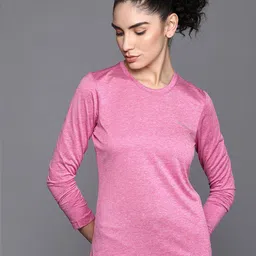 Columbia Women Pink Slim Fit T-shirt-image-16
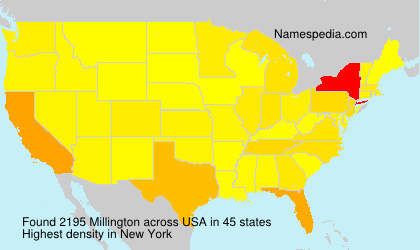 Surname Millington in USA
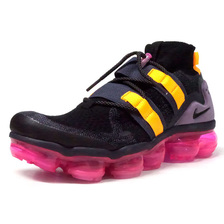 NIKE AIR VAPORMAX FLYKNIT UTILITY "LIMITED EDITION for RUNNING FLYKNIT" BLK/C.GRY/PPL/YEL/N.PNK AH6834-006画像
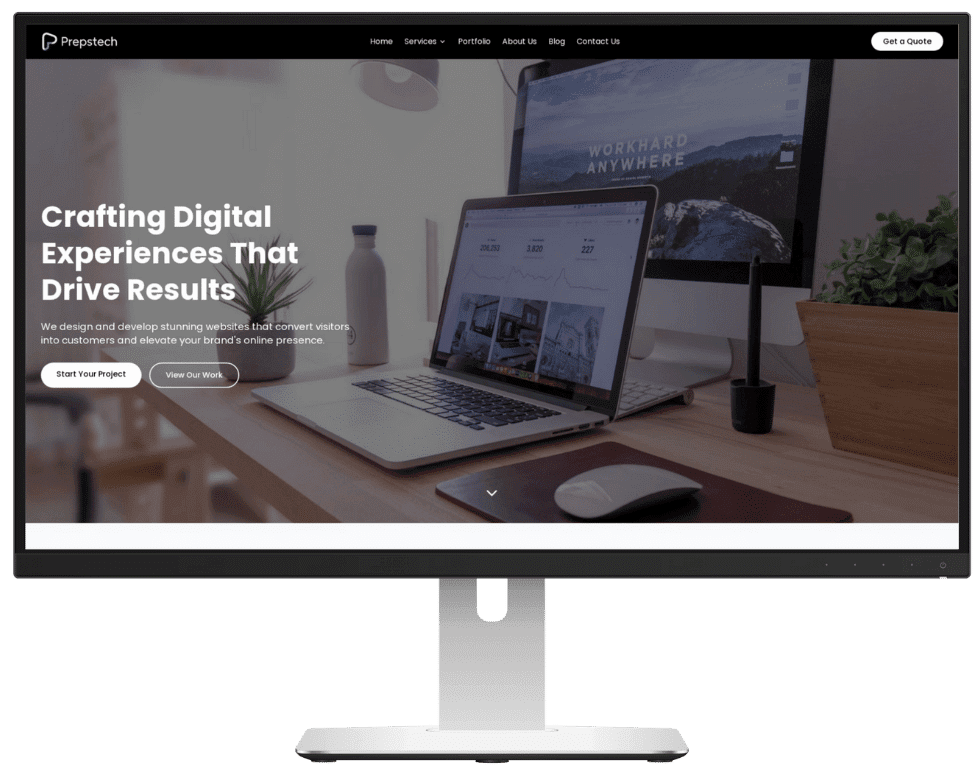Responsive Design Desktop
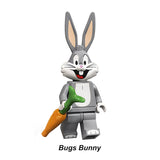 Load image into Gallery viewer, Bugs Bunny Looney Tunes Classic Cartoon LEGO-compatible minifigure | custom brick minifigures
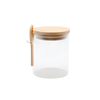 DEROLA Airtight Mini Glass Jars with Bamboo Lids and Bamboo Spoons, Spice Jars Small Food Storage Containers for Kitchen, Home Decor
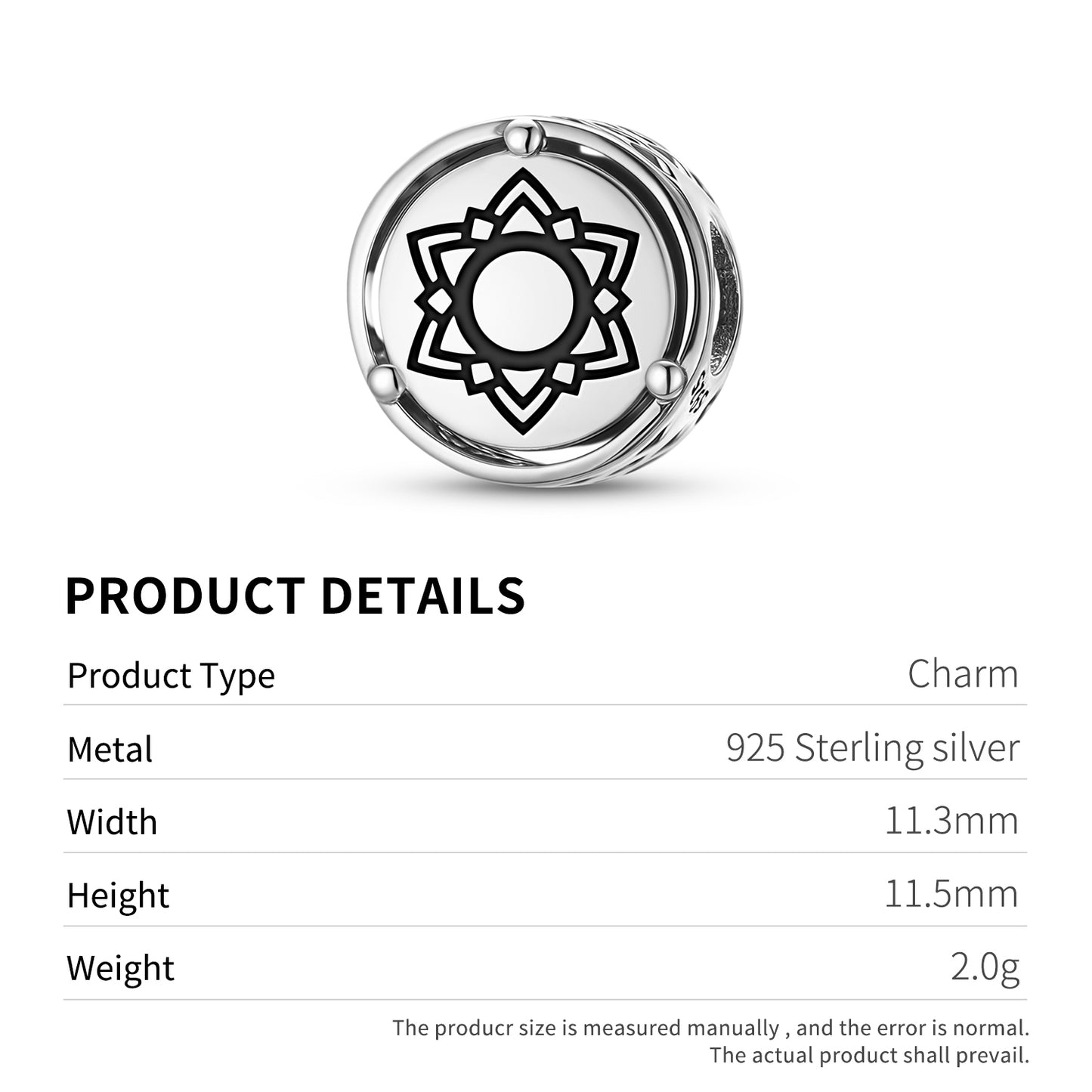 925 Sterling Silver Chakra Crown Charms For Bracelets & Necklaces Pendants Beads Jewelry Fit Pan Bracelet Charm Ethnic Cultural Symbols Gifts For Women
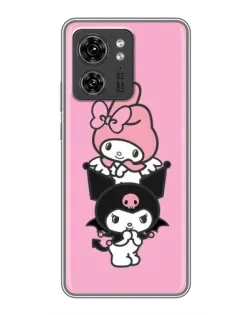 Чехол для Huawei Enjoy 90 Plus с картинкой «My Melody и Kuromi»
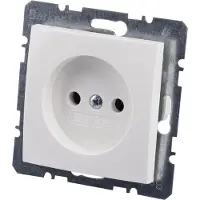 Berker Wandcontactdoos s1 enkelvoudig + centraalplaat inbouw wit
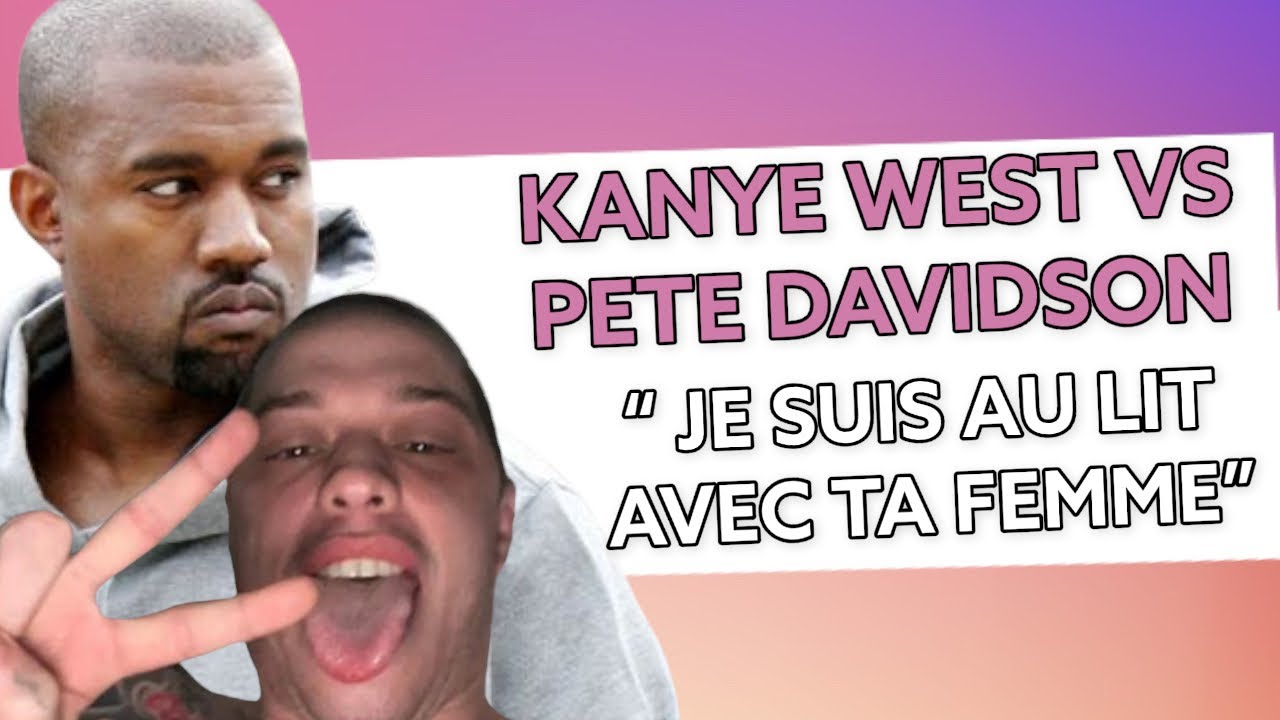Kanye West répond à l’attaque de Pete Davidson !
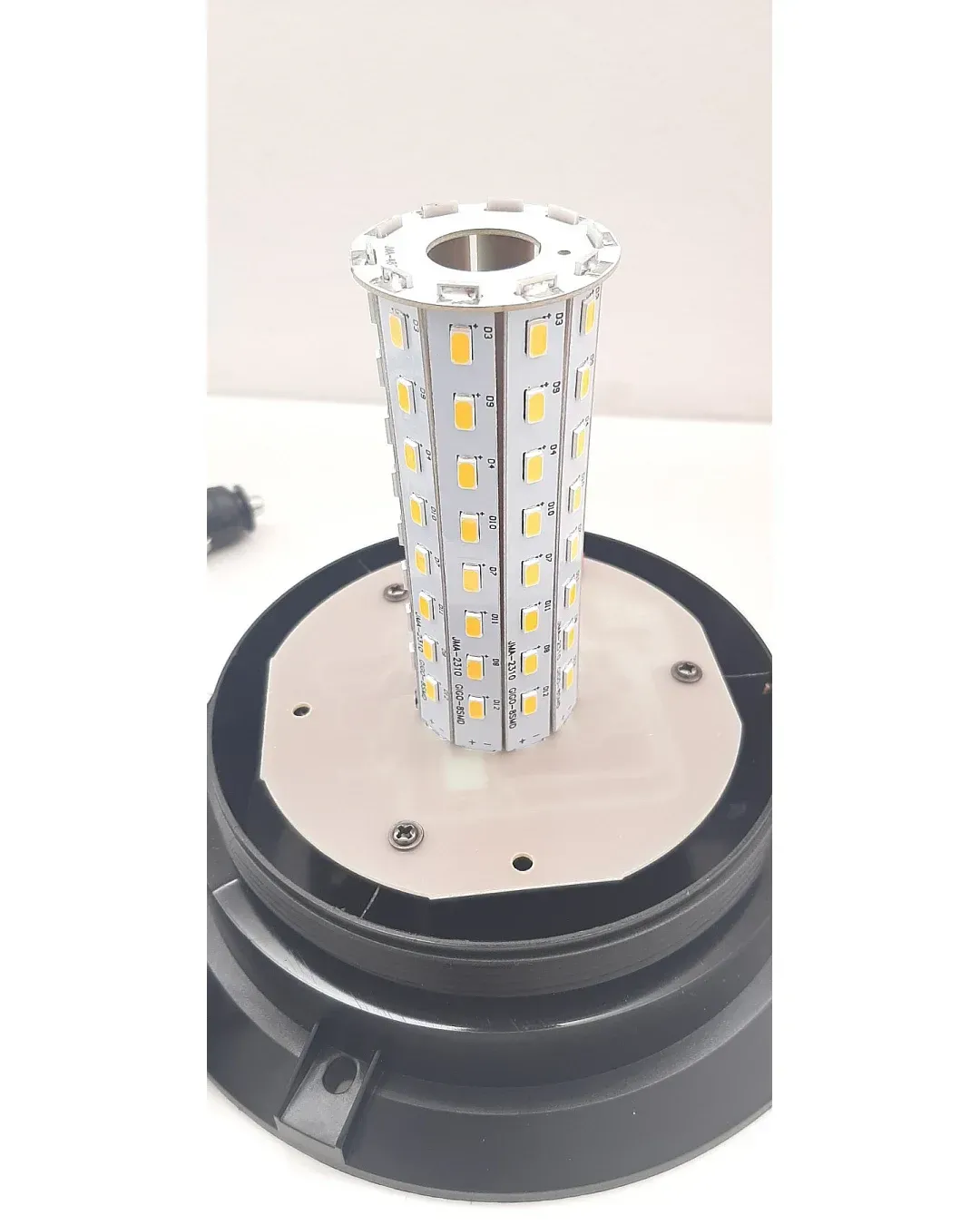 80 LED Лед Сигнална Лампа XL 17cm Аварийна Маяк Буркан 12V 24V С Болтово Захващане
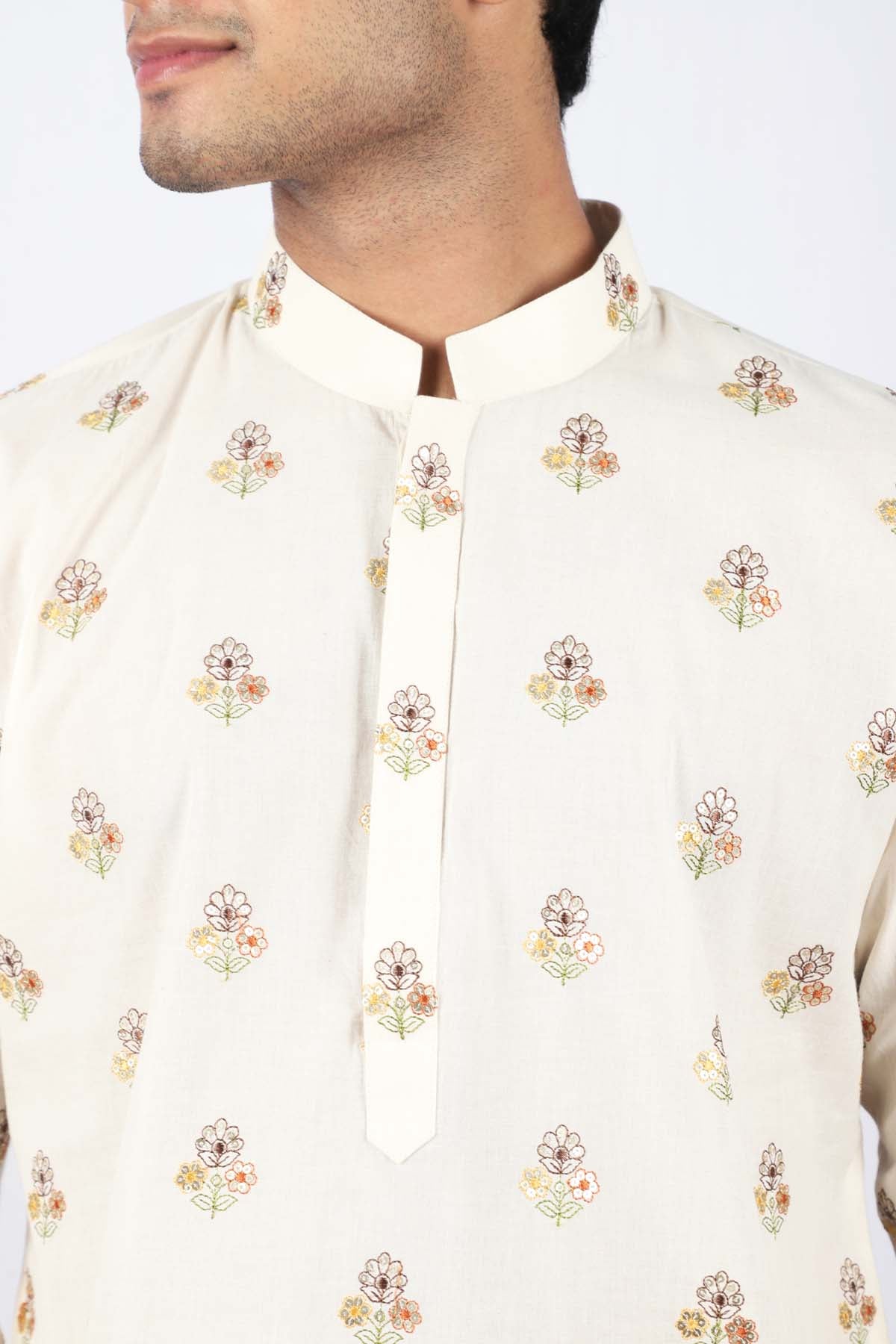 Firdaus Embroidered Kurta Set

• Exercise description
Do not include pictures. Copy only the lines running from the line with "Surname Millington in USA" through the last line of the records, exactly as they appear.

• Result below
 Surname Millington in USA
 NIKE AIR VAPORMAX FLYKNIT UTILITY "LIMITED EDITION for RUNNING FLYKNIT" BLK/C.GRY/PPL/YEL/N.PNK AH6834-006画像
Responsive Design Desktop
 Load image into Gallery viewer, Bugs Bunny Looney Tunes Classic Cartoon LEGO-compatible minifigure | custom brick minifigures
 DEROLA Airtight Mini Glass Jars with Bamboo Lids and Bamboo Spoons, Spice Jars Small Food Storage Containers for Kitchen, Home Decor
 925 Sterling Silver Chakra Crown Charms For Bracelets & Necklaces Pendants Beads Jewelry Fit Pan Bracelet Charm Ethnic Cultural Symbols Gifts For Women
 Чехол для Huawei Enjoy 90 Plus с картинкой «My Melody и Kuromi»
 Berker Wandcontactdoos s1 enkelvoudig + centraalplaat inbouw wit
Kanye West répond à l’attaque de Pete Davidson !
 80 LED Лед Сигнална Лампа XL 17cm Аварийна Маяк Буркан 12V 24V С Болтово Захващане
 Firdaus Embroidered Kurta Set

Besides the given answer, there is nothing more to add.